SM-88 (D,L-alpha-metyrosine; racemetyrosine [USAN]) is a relatively non-toxic, targeted therapy based on the Warburg Effect. It may be well suited for pancreas cancer because of its ability to penetrate tumors and tolerability in compromised patients.


Subjects progressed on at least one line of chemotherapy were randomized to receive either 460 mg/d or 920 mg/d single agent SM-88 administered with low doses of methoxsalen, phenytoin, and sirolimus (MPS) in the dose selecting stage of this trial. The primary endpoint is response rate by BICR.

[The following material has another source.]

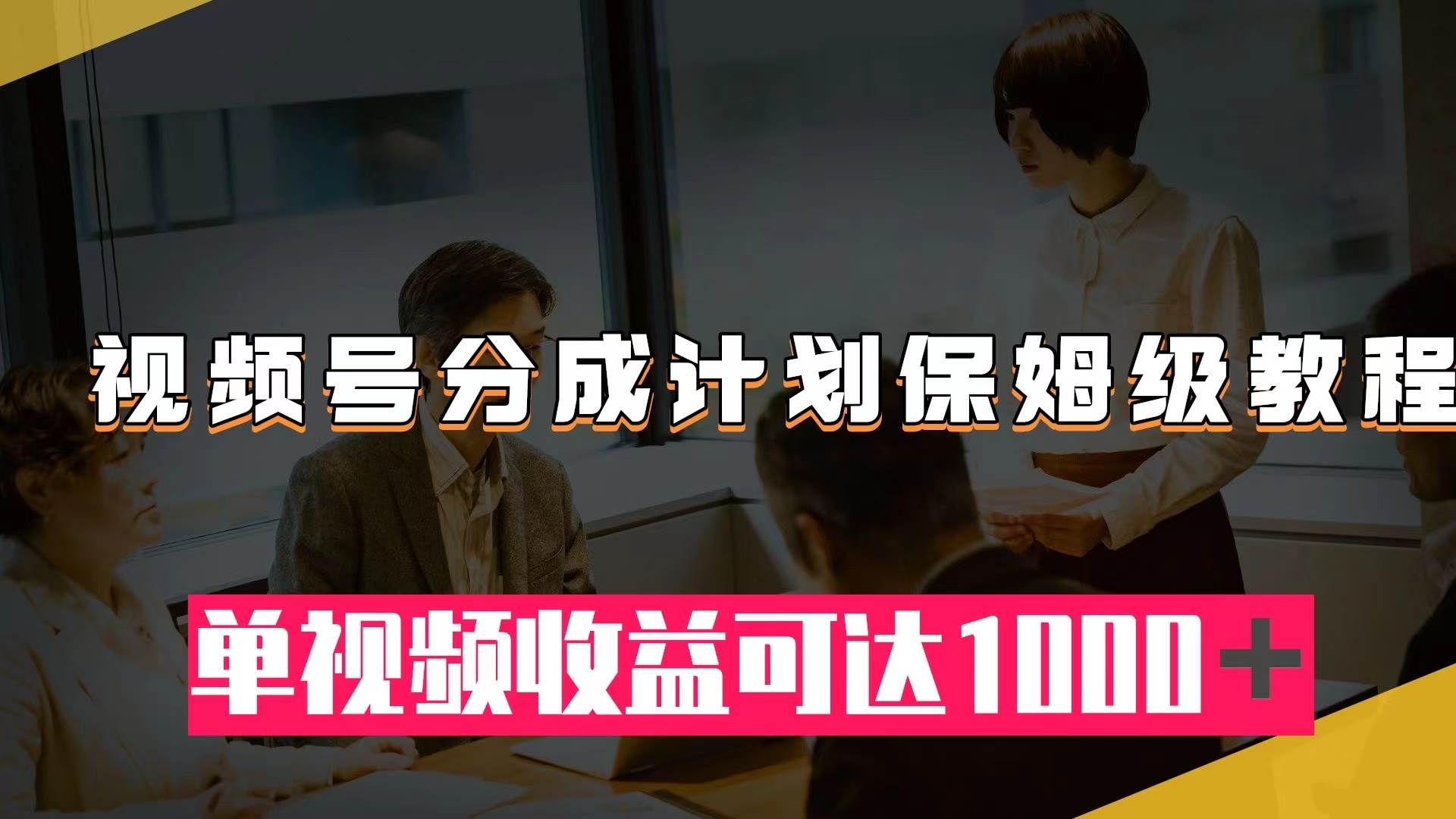 视频号分成计划保姆级教程：从开通收益到作品制作，单视频收益可达1000＋-互创学社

As of April 2019, 49 subjects with stage IV pancreatic ductal adenocarcinoma with radiographically documented progressive disease were enrolled and randomized. Mean age was 66 (45 – 85); median of 2 prior lines (1 – 5+); baseline median CA19.9 was 2,674 (0.8 – 651,696). There were 22 disease related SAEs before drug treatment, including 6 Grade 5 events. SM-88 was well tolerated with only four treatment-related Grade 3/4 adverse events in two subjects (and no treatment-related Grade 5 events). 94% of treated subjects (46/49) experienced a total 365 AEs, with only 17% (63/365) at least possibly treatment related. CTCs at baseline were detected in 100% (mean 138 cells/4 ml) and fell in 79% (23/29) evaluable subjects from 153 to a nadir of 54 cells/4 ml (median reduction 63% [18% - 100%]). 12% (4/33) evaluable subjects showed CA19.9 declines (-8% to –97% decline within 3 months), three of which also showed CTC declines. Subjects have remained on treatment a median of 6.9 wks (1.7 – 23.1). While progressive upon entry, 21% (8 of 38 evaluable subjects) displayed stable disease or better at 2 months or beyond. Of the 38 evaluable subjects, 42% (16/38) were alive at 4 months post randomization, and 24% (9/38) were alive at 6 months, which parallels carry over effect previously observed with SM-88. EORTC QLQ-C30, -PAN26, and correlative assays were obtained including leptin, genomics, and NLR.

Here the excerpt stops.